I would expect to. 'Center' would move the margin box, same as other positioning properties. 

> I don't think so. 
> When using 'center' property, the anchor point of element is always the
> center of the content area.
> So the margin should be applied according to the center point, not the upper
> left corner of the content as the general box model.
> Therefore modifying margin value of the element positioned by 'center'
> doesn't change the position of the element within the containing block.

We can define it however we want. I think how I've described 'center-x' can be thought of as the same as 'left', minus half the element's width (if we ignore combinations of 'left' and 'right'). Likewise with 'center-y', 'top', half the element's height, etc. I am personally fine with center-x and center-y offsetting the whole margin box, which is actually pretty much how the other trbl properties work. 

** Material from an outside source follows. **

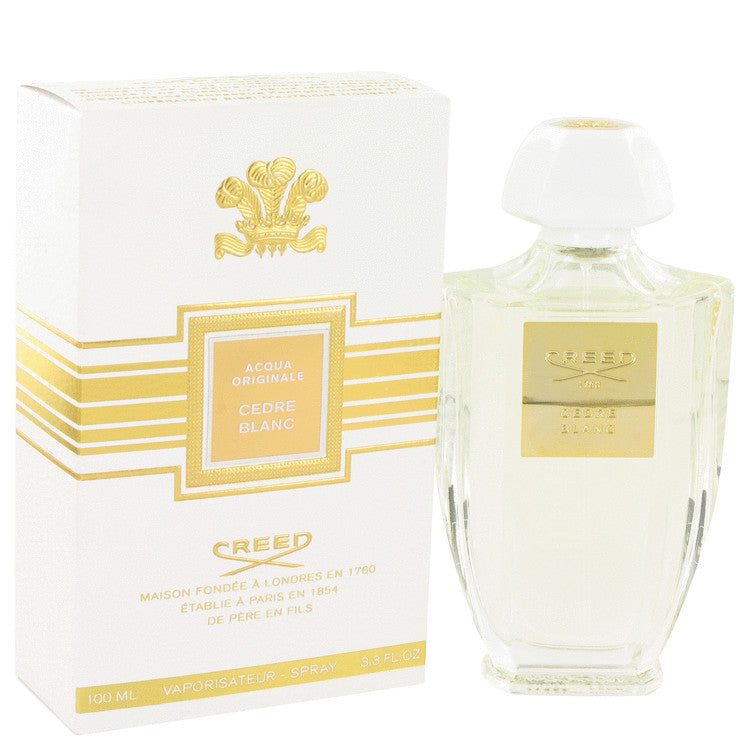 Creed Cedre Blanc eau de parfum for women - Image 2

>> If "center: center center: polar-anchor: top left;" and "center: 50% 50%;
> polar-anchor: 25% 25%;" is supposed to do the same, then the "center" name
> is confusing, since what it is aligning is not necessarily the center. If it
> doesn't do the same, then it is less expressive.
> 
> I also agree with that.

I think that is mostly because you are approaching 'center' and 'polar-anchor' as things that are primarily to support polar positioning. I am looking at them as how they might be useful (or not) in general, and of how authors might use them in ways that you didn't originally intend (which is not necessarily a bad thing). As such, 'polar-anchor' is the more confusing name. It is basically a property that adds offsetting to whatever is already being offset by positioning and margin. Or, if it is not intended to work with 'left' et al too, then it can also be thought of as moving the center point used by the 'center' property.

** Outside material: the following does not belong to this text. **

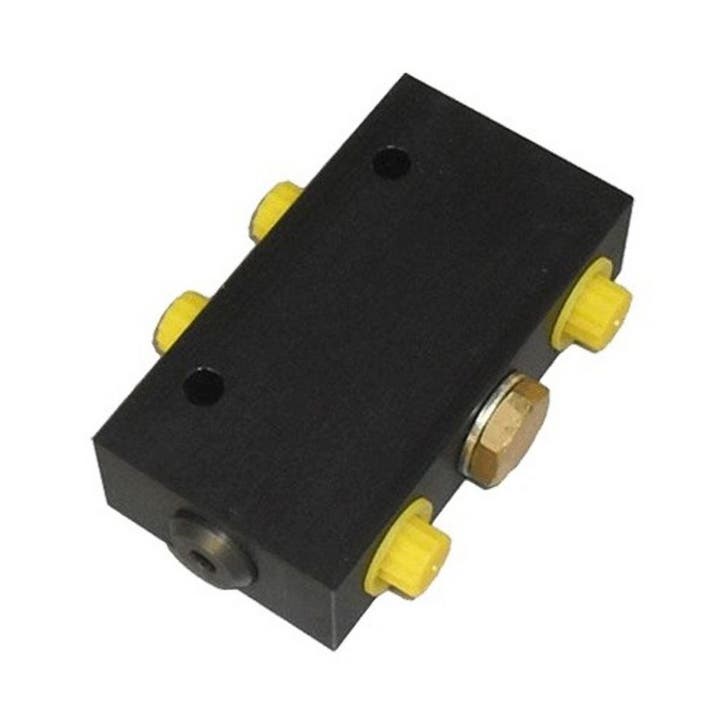 Raymarine Double Pilot Check Valve, Watersport en Boten, Bootonderdelen, Nieuw, Zeilboot of Motorboot, Ophalen of Verzenden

Thus, 'center' is a perfectly reasonable property name for what I've described, but 'polar-anchor' is not.

>> I think this last sentence is the key here. Using center instead of
> polar-origin creates 2 tradeoffs with downsides not encountered with
> polar-origin:
>> - we either have the maybe-too-magical auto behavior I describe above, or
> make polar coordinates more verbose to use in simple cases 
>> - we either drop polar-anchor, or find a different name than center, or
> live with a confusing name
> 
> Do we need to drop 'polar-anchor'? 
> 'polar-anchor' would improve the flexibility of CSS positioning and avoid
> the overflowing problem.

I think it only slightly improves upon margin, by letting you use a percentage of the width/height of the element as the measure. If that's important, then we should change the name and add this capability to at least all other types of positioned content, and maybe to static positioned elements as well. The only relationship it has to polar is that polar has two parts: 1) centering and 2) moving at an angle. If centering is handled by a separate property (because of its general usefulness), then the "moving at an angle" part is what's left over for 'polar-*' properties, and that has no concern about where the center of the element is. It's moving the entire element (edges, center, and all) at that angle. It is really the centering part that could also use an additional offset from true center.

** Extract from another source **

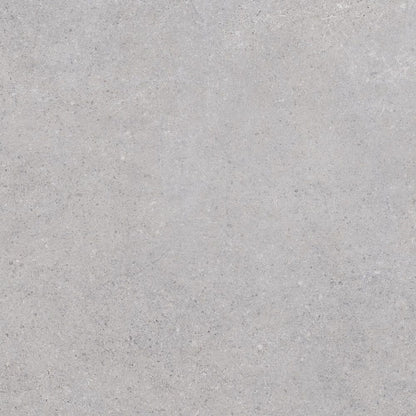 XTRA Nassau-R Gris Concrete Effect Porcelain Tile 60 x 60 x 2cm-Vives-Delforno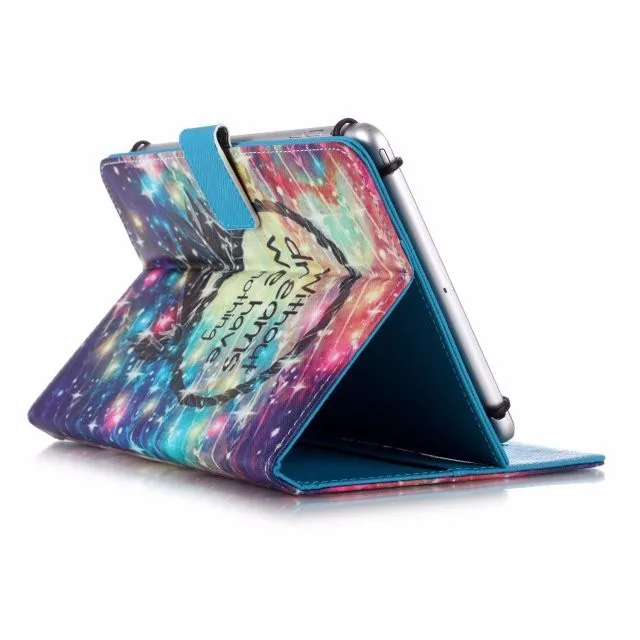 Модный Универсальный чехол для 10,1 дюймов lenovo yoga book tablet pc для lenovo yoga book tablet pc чехол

> So I prefer to find a different name than center.
> Previously, I suggested 'box-origin' or 'origin-point'.

That really doesn't fit with the other properties that do similar things, namely top, left, right, and bottom. 'box-origin' or 'origin-point' would make more sense as an alternative name to 'polar-anchor'. Though I still think 'offset' would be a better name, if it isn't restricted to only working when 'center' is in effect.